Friday, July 20, 2018

Effects of market outcomes on sellers tax.

If the government is proposing a new law for tax by saying all the fruit juice shops has to pay a tax of Rs1.50 for every sale. So as to now analyse the supplier and buyer part in this has to be seggregated into three steps.
1. Does this law affects the supply or demand cure?
2. To check the variation of the curve?
3. To examine the way in which the shift affects the equilibrium curve?

Step 1:
In the above case, since the tax is not impossed on buyers there will not be any change in the demand curve. On the other hand the profit for the sellers actually reduces and thus makes an change in the supply curve.
Step 2:
Since the tax on sellers increases the cost production and selling, obviously the the quantity per sale will be reduced.
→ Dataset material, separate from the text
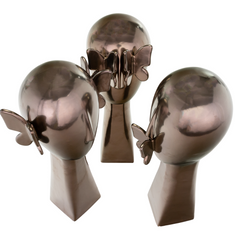 Bejop Bronze Ceramic Butterfly Head Statues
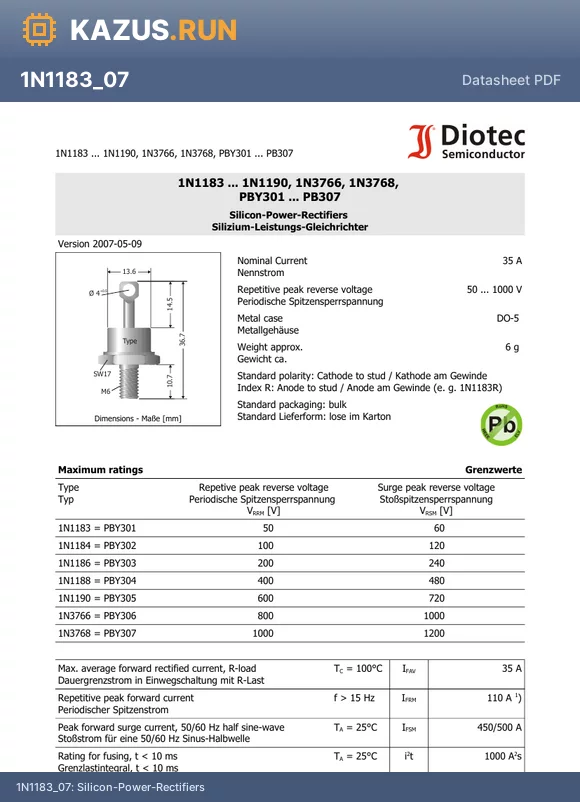 PBY305 datasheet - Silicon-Power-Rectifiers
Now when a customer comes to buy a juice is worth of Rs25, now the seller will make sure the quantity is of worth of 24.50. This is because, the seller has to pay 1.50 to the government and now there will be a change in the supply curve towards the left.
Step 3:
On moving to the equilibrium curve, the count of the number of juices goes down and obviously means that the buyers buy less. This actually portrays that the fruit juice market has come down.
Now on having an deep analysis when a tax is impossed, both the sellers(directly) and the buyers(indirectly) are paying the tax.